Area Models for 3-Digit by 2-Digit Multiplication
Area Models for 3-Digit by 2-Digit Multiplication is a Grade 5 math skill from Illustrative Mathematics Chapter 4 (Wrapping Up Multiplication and Division with Multi-Digit Numbers) where students decompose each factor by place value and apply the distributive property to create six partial products, then add them all together. The area model visually represents each partial product as a rectangle in a 3×2 grid.
Key Concepts
To multiply a three digit number by a two digit number, we can decompose them by place value and apply the distributive property. This creates six partial products, which are the areas of the smaller rectangles in the model. $$(a+b+c) \times (d+e) = (a \times d) + (a \times e) + (b \times d) + (b \times e) + (c \times d) + (c \times e)$$.
Common Questions
How do you use an area model to multiply a 3-digit by a 2-digit number?
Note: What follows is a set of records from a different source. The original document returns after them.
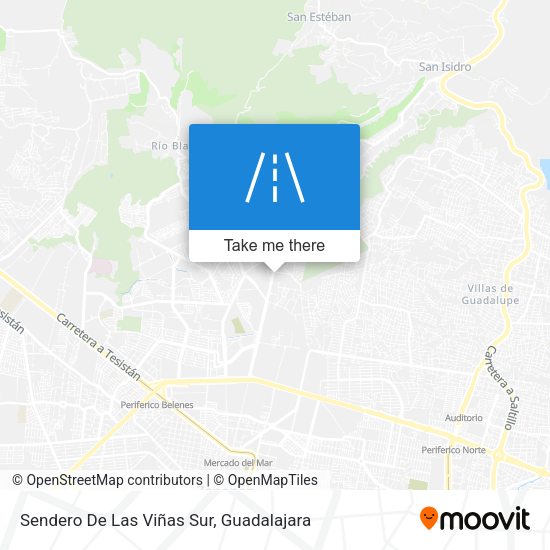 Sendero De Las Viñas Sur map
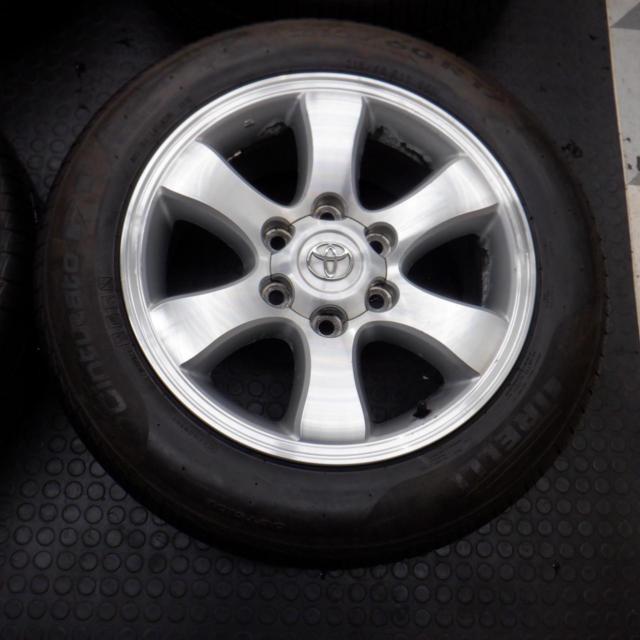 シーズンオフ値下げ! TOYOTA 120系ランドクルーザープラド純正ホイール 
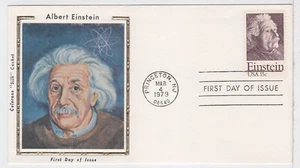 TurtlesTradingPost- Albert Einstein -1979 FDC #1774- Colorano Silk Cachet - Picture 1 of 1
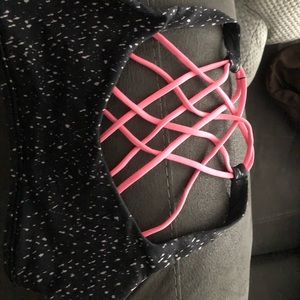 Lululemon Free to be Wild Black and Pink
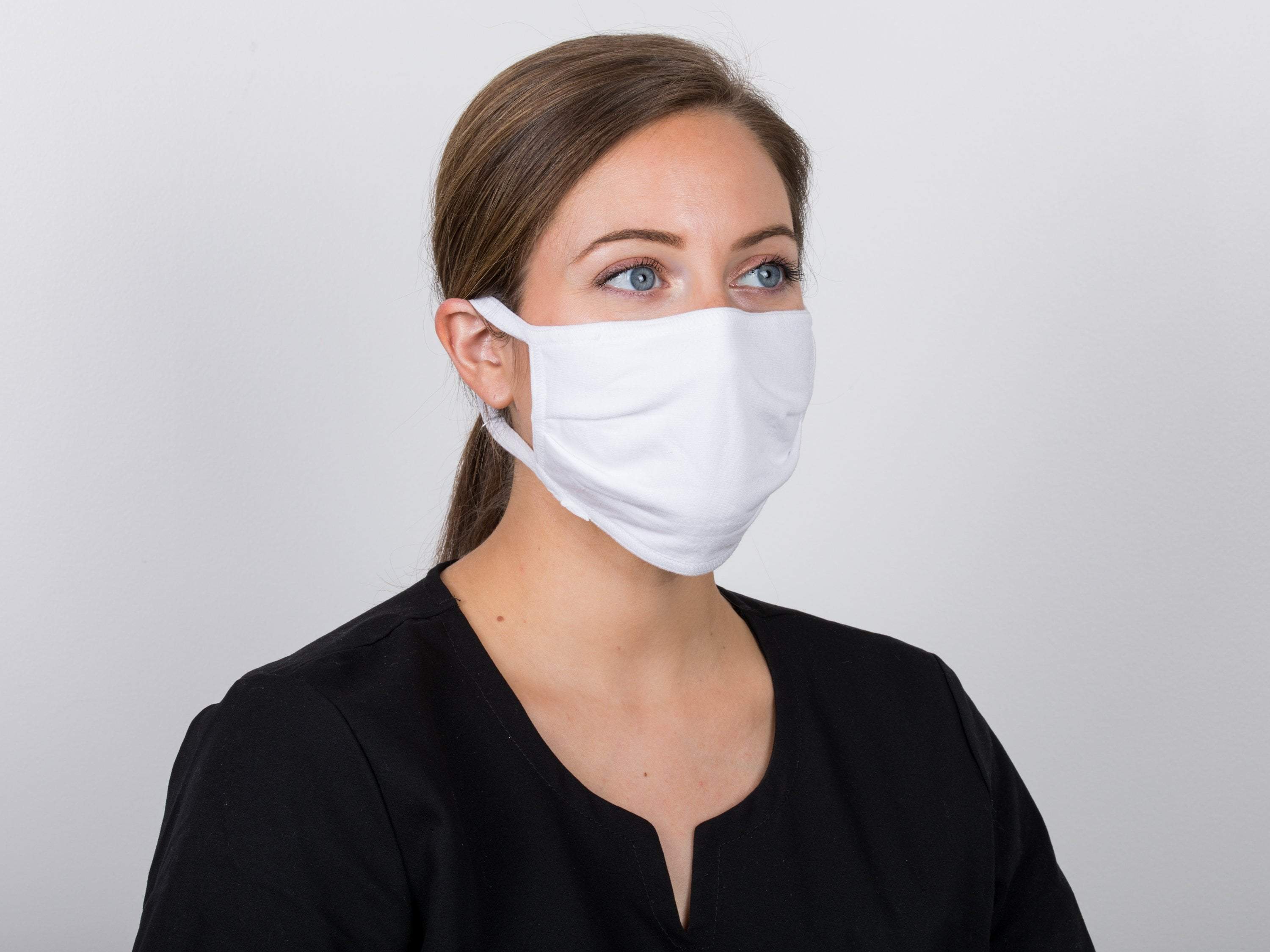 50 Pack 100% Cotton 3-Ply Adjustable Face Masks - Breathable, Comfortable & Reusable for Daily Use, Travel, Work & School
Decompose the 3-digit number into hundreds, tens, and ones, and the 2-digit number into tens and ones. Create a 3×2 grid where each cell contains one partial product (the product of the row and column values). Add all six partial products for the final answer.
What is an example of a 3-digit by 2-digit area model multiplication?
To solve 142 × 35: decompose as (100+40+2) × (30+5). Six partial products: 100×30=3000, 100×5=500, 40×30=1200, 40×5=200, 2×30=60, 2×5=10. Sum = 3000+500+1200+200+60+10 = 4,970.
What chapter covers 3-digit by 2-digit area models in Illustrative Mathematics Grade 5?
Area models for 3-digit by 2-digit multiplication are covered in Chapter 4 of Illustrative Mathematics Grade 5, titled Wrapping Up Multiplication and Division with Multi-Digit Numbers.
How many partial products are in a 3-digit by 2-digit area model?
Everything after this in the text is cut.